Hello Stephan, exactly the same as is the publication, hashtag oligos for multiplexing. I wanted to investigate the questions you asked. I could not see a very strong effect on smaller cell groups rather in larger ones. The counts get "decontaminated" for one specific HTO, while the rest remain basically unchanged: image Interestingly, the changes stay more or less consistent across cell types in the same sample (which is amazing!). Here is an example of one donor: image The results look promising, do you have any other critical points I should check?

I have a suggestion, maybe someone would like to exclude the HTOs from the background removal, thus maybe introduce an option to specify when running cellbender. There is only the possibility for --exclude-antibody-capture, so maybe add --exclude-hashtag-oligos. Cheers!

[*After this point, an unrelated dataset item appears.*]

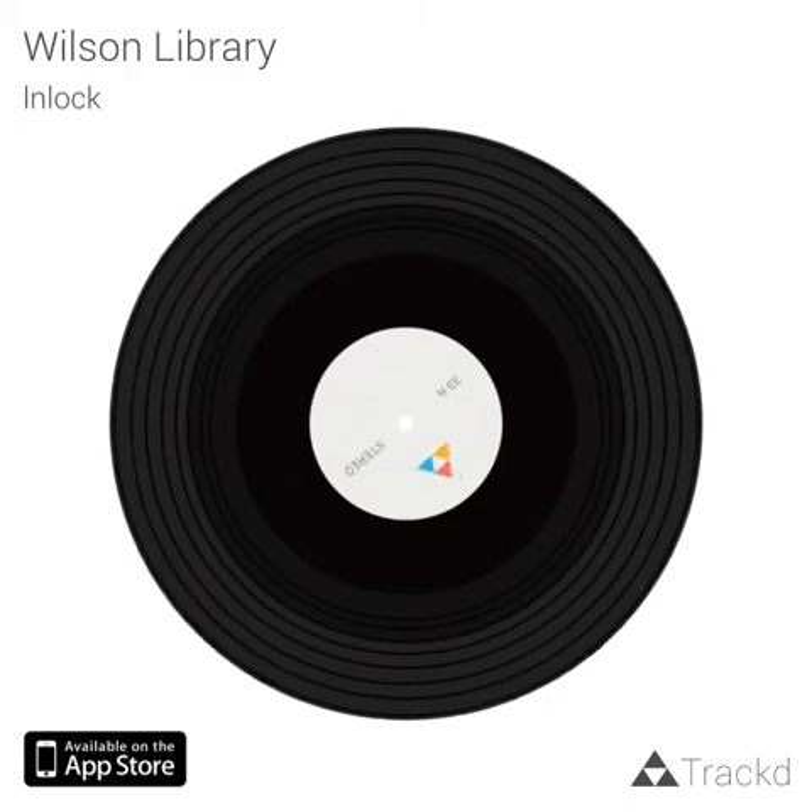If you find yourself in the basement of Wilson in the Music Library, you will find a cozy nook in the middle. Here, you can ironically enjoy a beautiful view of the bell tower.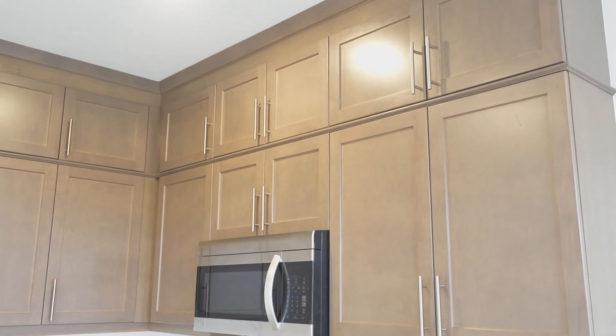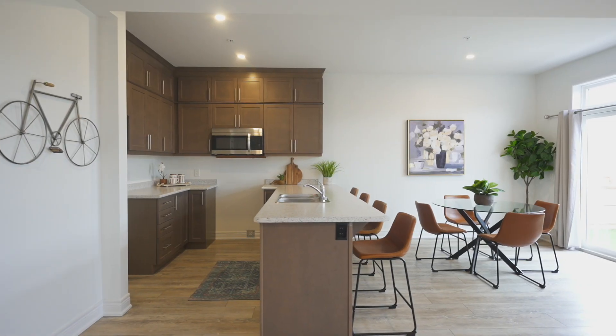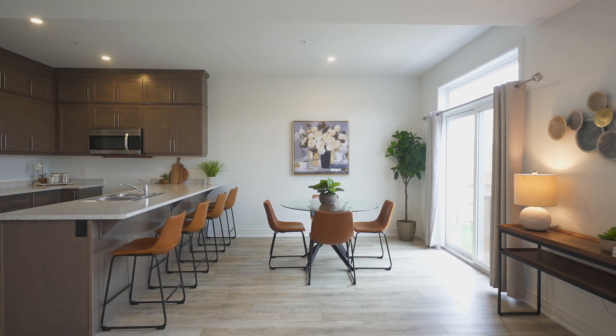You will love the extended cabinetry in the kitchen, the two legal egress windows downstairs. It's light and bright with nine foot ceilings. You're not going to want to miss this one. Contact me for more details.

sjfleming commented 1 year ago

Hi @aodainic7 , nothing else comes to mind, I don't think. I do think that excluding the HTOs might make more sense in your case. In v0.3.0 I will be changing --exclude-antibody-capture to --exclude-feature-types where the user can specify any valid feature type. (Currently it has to be one of the types allowed by 10x, which is ['Gene Expression', 'Antibody Capture', 'CRISPR Guide Capture', 'Custom', 'Peaks'].) When you create this dataset, do you run it through 10x CellRanger to get a count matrix? Does the feature_type show up as Custom?

sjfleming commented 1 year ago

That --exclude-feature-types input argument is now part of the v0.3.0 release.